Apr 122018
 

I’d invite Jane Austen [to dinner], whose sharp wit and brilliant control of satire would provide a lively commentary on the current political scene that would no doubt rival Colbert, Oliver, and SNL, among others.”

What was the inspiration behind what you’ll be reading at Waterline?

The inspiration for my chapbook, Ghost Garden, was the desire to connect with my Italian roots. After I retired from teaching a few years ago, I had time to research my family tree and discovered hundreds of Italian ancestors and also a few living cousins with whom I have become close friends. Together we have visited “our” village in southern Italy and walked the cobbled streets of our grandmothers, linking arms with each other and the past.

What are you working on now?

Current projects include preparing for a reading of my latest full-length poetry collection, EDGES, for First Presbyterian Church in Wheaton, and participating in Poetry Month displays at Chicago and suburban libraries.

What was the last great thing you read by another author?

Latest “good reads” include A Gentleman from Moscow by Amor Towles and Lillian Boxfish Takes a Walk by Kathleen Rooney. One is by an established author, the other new, and they are polar opposites in plot, style, and characters. But both books are brimming with the kind of exquisite prose, particularly  the “voices” of their narrators, that inspire me as a poet.

You’re organizing a literary dinner party.

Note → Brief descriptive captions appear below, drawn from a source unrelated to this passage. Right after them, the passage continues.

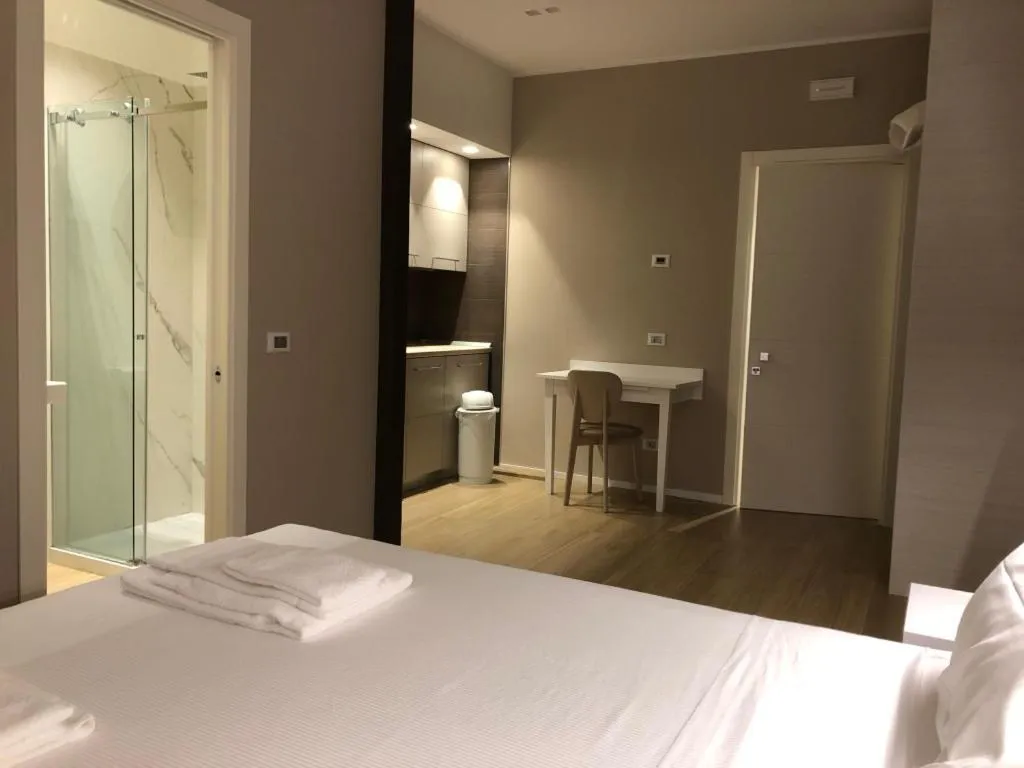 Bed in APPRODO RESiDENCE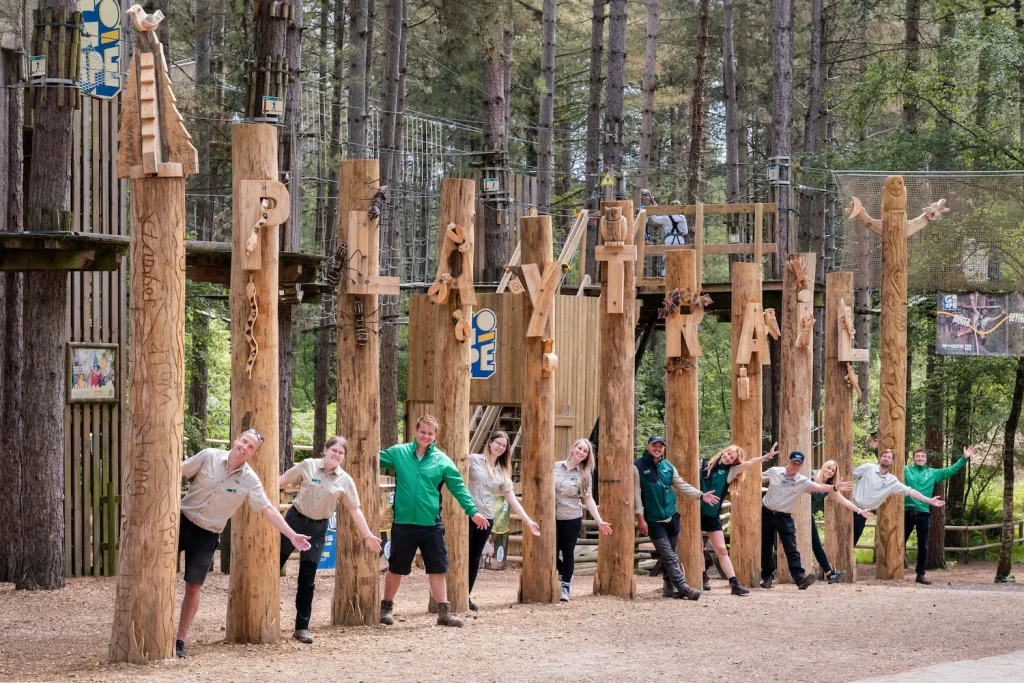 A group of rangers stand beside the Play Trail sign at Moors Valley.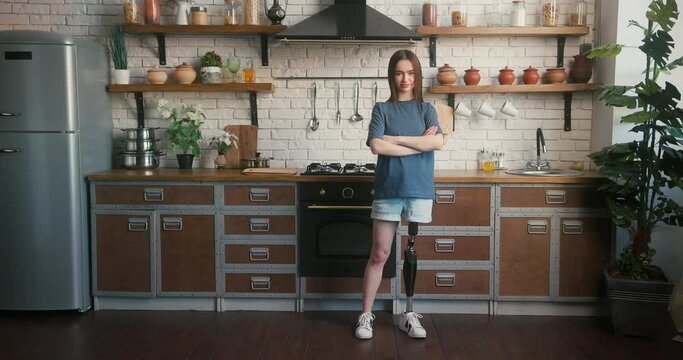 Lady with prosthetic limb stands in kitchen with crossed arms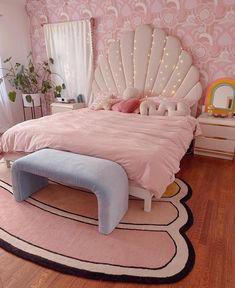 a pink and white bedroom with a large bed in the middle, an area rug on the floor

Which writer, dead or alive, do you invite?

I’d invite Jane Austen, whose sharp wit and brilliant control of satire would provide a lively commentary on the current political scene that would no doubt rival Colbert, Oliver, and SNL, among others.

May 192017
 

… I am sure that the reading of great classic and modern literature through the years, as well as–surprise!–the study of grammar in elementary school–gave me a feel for the language, not only the sound of good poetry but the balanced construction of phrases and ideas.”

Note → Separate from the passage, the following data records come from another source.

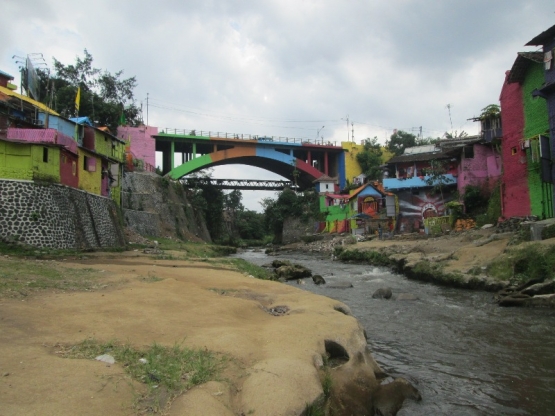 DUA KAMPUNG. Sisi kiri sungai Brantas adalah Kampung Warna Warni Jodipan (KWJ), sisi kanannya adalah Kampung Tridi Kesatrian yang menyusul kesuksesan KWJ. Tampak pula jembatan yang di cat warna warni untuk menyelaraskan kedua kampung. Dok pribadi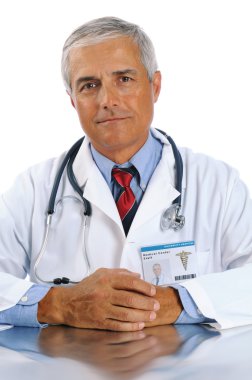 Doctor seated with hands together clipart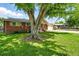 Brick home with a beautiful, shady yard and attached garage in a residential neighborhood at 470 S Queen St, Lakewood, CO 80226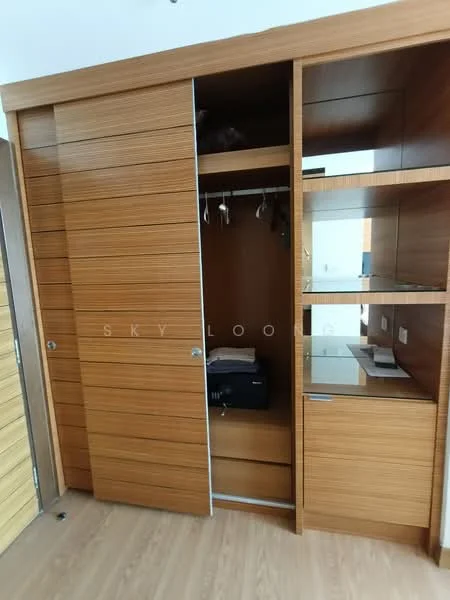 Room features: wooden sliding wardrobe doors, built-in shelving, hanging space for clothes, drawer storage, laminate wood finish, light-colored wooden flooring; style: modern.
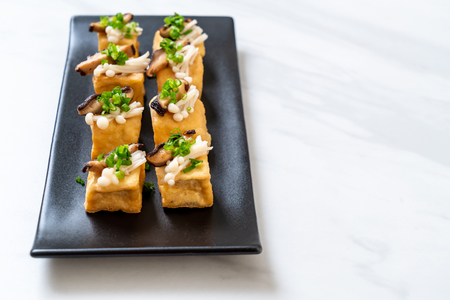 Grilled Tofu with Shitake Mushroom and Golden Needle Mushroom - healthy, vegan or vegetarian food styleの写真素材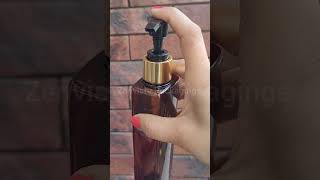 Zenvista Packaging  Cosmetic Amber Color Bottle With Gold Plated Dispenser Pump - [ZMA04]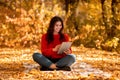 Pretty millennial woman in warm autumn outfit browsing internet on tablet computer at park Royalty Free Stock Photo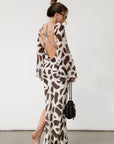 Printed chiffon maxi dress. Long bell sleeves. Adjustable crisscross back straps. Side slit. Fully lined. Dinner dress. Classy dinner dress. Fancy dinner dress. Nice dinner dress. Dressed up vacation outfits. Dress to wear on vacation. Nice dress to wear on vacation. Open back dress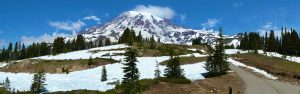 A panoramic shot of Mount Rainier with snow in the foreground.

How did you discover that you were a writer?

I was always a voracious reader and a good writer in school . I loved my English classes, but by the time I got to college and grad school, academics and music eliminated any time or thought for creative writing. Later, as a high school English teacher, first in Chicago, then in the suburbs, I was assigned to teach Creative Writing, I would write with my students, and they taught me a great deal as we exchanged daily critiques in the classroom.

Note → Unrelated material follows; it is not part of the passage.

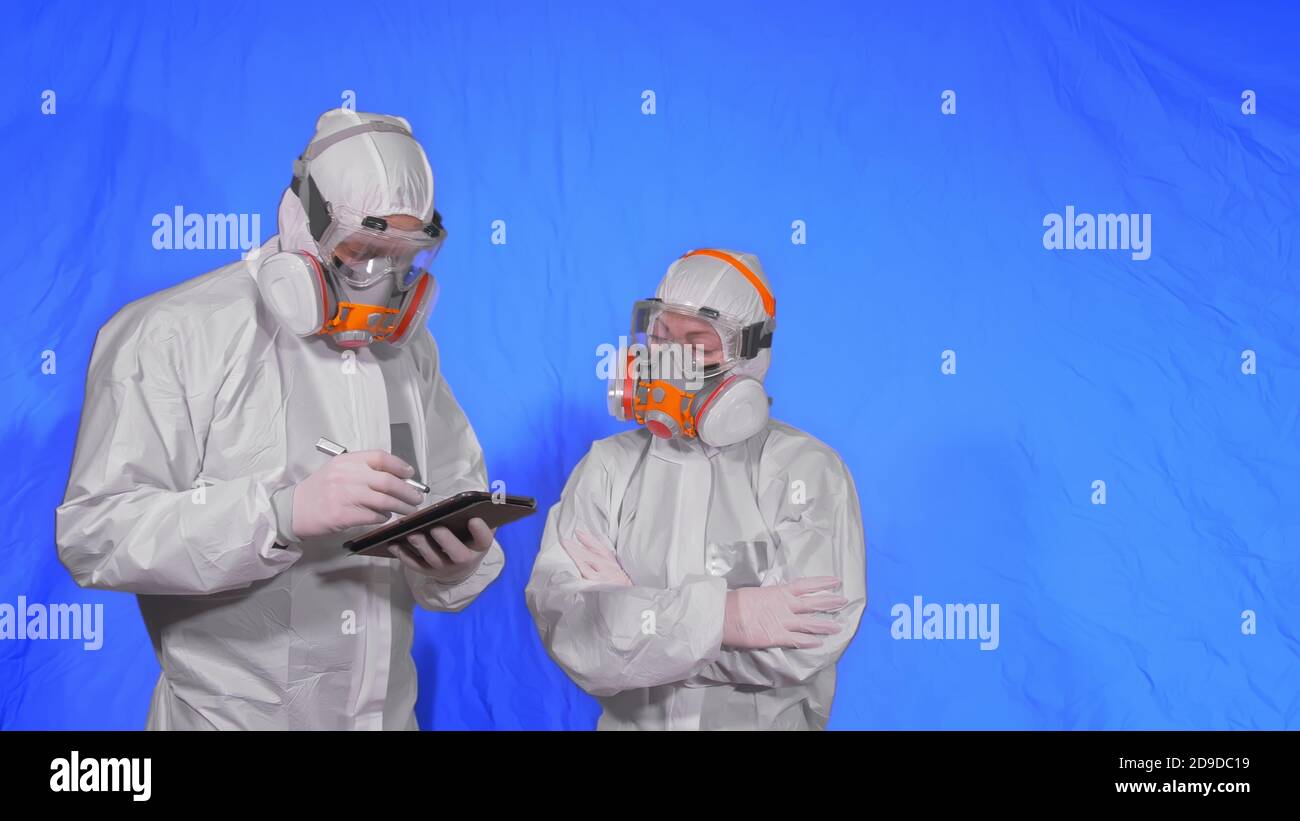 Lo scienziato virologo in respiratore scrive in un computer tablet con stilo. Uomo e donna che indossano una maschera medica protettiva. Tasto Chroma blu. Foto Stock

Describe your writing process.

I don’t have a specific writing process, but I am sure that the reading of great classic and modern literature through the years, as well as–surprise!–the study of grammar in elementary school–gave me a feel for the language, not only the sound of good poetry but the balanced construction of phrases and ideas. My study of Latin, French and Italian also gives me a feel for unusual syntax and vocabulary, which helps me draft a poem, then edit and revise it many times before submitting it to editors of literary journals.

What was the inspiration behind what you’ll be reading at Waterline?

The inspiration behind my writing at Waterline is people! For some reason, important people in my life, both the living and the dead, have been circling me lately, and I’m giving them voice and tribute in this reading.

What are you working on now?

My seventh book of poetry, EDGES, was just published a few months ago, so I am working on spreading the news, and am grateful to Waterline Writers for giving me the opportunity to do just that, both through readings and also my blog, donnapuccianipoet.wordpress.com.